Richtig ist, die Verfahrensbeteiligten sollen laut Gesetzentwurf den Einsatz von Videotechnik ablehnen können. Viel besser wäre es doch aber, gerade in sehr sensiblen Lebensbereichen den Zugang zu gerichtlichen Verhandlungen gezielt einfach zu halten, indem mündliche Verhandlungen in Präsenz weiterhin das übliche Verfahren darstellen.

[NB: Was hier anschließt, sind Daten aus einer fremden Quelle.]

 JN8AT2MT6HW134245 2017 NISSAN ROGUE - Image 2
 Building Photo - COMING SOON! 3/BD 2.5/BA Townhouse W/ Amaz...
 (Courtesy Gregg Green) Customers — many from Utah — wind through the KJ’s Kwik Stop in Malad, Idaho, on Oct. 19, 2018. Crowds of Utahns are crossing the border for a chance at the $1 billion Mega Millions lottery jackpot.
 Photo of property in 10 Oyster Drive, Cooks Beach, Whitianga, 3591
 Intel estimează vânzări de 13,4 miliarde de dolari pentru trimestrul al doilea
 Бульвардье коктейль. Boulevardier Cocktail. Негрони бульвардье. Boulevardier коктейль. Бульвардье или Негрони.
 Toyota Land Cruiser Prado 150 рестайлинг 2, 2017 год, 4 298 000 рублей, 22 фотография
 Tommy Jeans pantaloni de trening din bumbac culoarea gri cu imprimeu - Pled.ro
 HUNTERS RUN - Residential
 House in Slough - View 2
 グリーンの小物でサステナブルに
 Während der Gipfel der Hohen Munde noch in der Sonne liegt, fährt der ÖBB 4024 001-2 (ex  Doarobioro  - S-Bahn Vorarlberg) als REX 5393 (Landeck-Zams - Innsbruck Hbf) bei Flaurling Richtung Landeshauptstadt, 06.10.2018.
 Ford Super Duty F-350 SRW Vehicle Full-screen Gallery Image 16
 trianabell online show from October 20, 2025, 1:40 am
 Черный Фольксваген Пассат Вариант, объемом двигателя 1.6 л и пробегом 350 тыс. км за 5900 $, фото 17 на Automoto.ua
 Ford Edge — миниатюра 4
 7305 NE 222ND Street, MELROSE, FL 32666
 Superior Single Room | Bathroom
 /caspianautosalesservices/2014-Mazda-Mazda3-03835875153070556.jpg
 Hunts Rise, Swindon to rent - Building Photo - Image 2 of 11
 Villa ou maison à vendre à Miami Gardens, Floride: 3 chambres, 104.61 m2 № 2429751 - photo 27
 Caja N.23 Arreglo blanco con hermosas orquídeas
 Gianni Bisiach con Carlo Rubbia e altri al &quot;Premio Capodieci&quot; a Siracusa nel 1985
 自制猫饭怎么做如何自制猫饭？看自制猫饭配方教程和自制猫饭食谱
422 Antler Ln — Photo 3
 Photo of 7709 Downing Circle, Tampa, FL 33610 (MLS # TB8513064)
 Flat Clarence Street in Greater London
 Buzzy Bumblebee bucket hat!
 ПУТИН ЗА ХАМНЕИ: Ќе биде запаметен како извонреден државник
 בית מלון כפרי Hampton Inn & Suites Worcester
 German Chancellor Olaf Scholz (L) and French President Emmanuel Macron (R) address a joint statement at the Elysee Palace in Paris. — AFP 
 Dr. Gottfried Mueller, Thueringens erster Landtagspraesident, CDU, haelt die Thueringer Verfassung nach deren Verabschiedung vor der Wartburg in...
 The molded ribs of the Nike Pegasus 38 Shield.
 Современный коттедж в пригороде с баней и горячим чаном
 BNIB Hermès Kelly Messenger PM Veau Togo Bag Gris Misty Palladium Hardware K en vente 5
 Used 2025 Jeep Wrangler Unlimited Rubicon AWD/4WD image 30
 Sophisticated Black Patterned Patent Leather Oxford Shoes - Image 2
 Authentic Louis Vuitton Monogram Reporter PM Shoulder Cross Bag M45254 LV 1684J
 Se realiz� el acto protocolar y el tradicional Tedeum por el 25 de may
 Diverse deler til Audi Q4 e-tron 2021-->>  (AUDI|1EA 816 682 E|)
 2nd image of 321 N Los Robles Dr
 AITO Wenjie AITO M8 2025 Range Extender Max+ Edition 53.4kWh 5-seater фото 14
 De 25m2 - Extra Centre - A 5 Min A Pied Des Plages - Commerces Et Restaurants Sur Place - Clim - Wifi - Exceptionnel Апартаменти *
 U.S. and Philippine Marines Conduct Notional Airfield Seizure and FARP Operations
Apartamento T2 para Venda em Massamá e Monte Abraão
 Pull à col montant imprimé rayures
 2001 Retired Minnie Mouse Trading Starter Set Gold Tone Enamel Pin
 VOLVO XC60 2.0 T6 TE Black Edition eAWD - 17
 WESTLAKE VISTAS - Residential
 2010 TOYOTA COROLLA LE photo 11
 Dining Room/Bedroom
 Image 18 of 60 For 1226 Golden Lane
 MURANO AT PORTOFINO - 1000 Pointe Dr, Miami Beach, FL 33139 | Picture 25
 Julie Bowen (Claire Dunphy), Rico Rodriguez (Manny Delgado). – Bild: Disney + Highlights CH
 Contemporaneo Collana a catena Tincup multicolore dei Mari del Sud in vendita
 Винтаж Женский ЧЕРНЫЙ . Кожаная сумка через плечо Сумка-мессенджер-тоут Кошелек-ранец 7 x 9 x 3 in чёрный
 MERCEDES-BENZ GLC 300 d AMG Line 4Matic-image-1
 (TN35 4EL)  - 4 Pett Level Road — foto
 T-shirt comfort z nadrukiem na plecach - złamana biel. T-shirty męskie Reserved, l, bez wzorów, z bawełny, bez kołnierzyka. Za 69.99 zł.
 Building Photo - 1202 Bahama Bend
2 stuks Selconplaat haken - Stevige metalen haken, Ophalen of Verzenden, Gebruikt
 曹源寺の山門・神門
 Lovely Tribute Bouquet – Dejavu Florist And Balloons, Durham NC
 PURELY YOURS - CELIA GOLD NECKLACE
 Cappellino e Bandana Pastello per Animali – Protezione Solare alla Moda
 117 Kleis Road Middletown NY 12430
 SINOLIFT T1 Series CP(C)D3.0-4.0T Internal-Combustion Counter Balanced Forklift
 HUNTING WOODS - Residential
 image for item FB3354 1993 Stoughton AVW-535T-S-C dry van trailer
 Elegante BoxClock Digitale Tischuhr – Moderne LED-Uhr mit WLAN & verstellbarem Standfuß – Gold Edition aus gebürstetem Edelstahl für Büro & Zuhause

Zweitens erscheinen Präsenzverhandlungen als Regel auch in einem weiteren Feld der Rechtsprechung angezeigt. Der Deutsche Gewerkschaftsbund weist darauf hin, dass Verhandlungen von Angesicht zu Angesicht gerade für die Arbeitsgerichtsbarkeit von herausgehobener Bedeutung sind. In den für Arbeitsrechtsprozesse typischen Güteverhandlungen kommt es in besonderer Weise darauf an, dass die Konfliktparteien miteinander in Kontakt treten und feine Nuancen, die Mimik und Gestik sowie Zwischentöne wahrnehmen können. Die Güteverhandlung ist als Instrument auch deshalb so erfolgreich, weil sich der Grundsatz der Unmittelbarkeit direkt auf das Ergebnis auswirkt.

Drittens. Die Option der vollvirtuellen Verhandlung, bei der die Richterin oder der Richter auch von zu Hause aus gerichtliche Verhandlungen führen können sollen. Das klingt nach schöner neuer Arbeitswelt, in der auch Richterinnen und Richter die Vorteile des Homeoffice nutzen können. Ich gönne es den Richterinnen und Richtern absolut, sich in den Verhandlungspausen und zwischen Verhandlungen auch einmal um die Kinder oder den Haushalt kümmern zu können. Was aus dieser Perspektive aber unter den Tisch zu fallen droht, ist die Transparenz der Justiz und das Vertrauen der Rechtsuchenden in die Justiz. Darauf hat unter anderem auch der Deutsche Anwaltsverein hingewiesen, und ich möchte diesen Einwand ausdrücklich unterstützen.

Im Namen des Volkes Recht zu sprechen, ist nicht irgendeine beliebige Tätigkeit, die ohne Weiteres in den eigenen vier Wänden erfolgen kann. Vielmehr erfordert sie geradezu den öffentlichen Raum, also den Gerichtssaal als Ort des Geschehens.

Angesichts dieser und weiterer offener Fragen erwarte ich von den anstehenden Beratungen eine Qualifizierung des Gesetzentwurfs, dem wir im Grundsatz aufgeschlossen gegenüberstehen.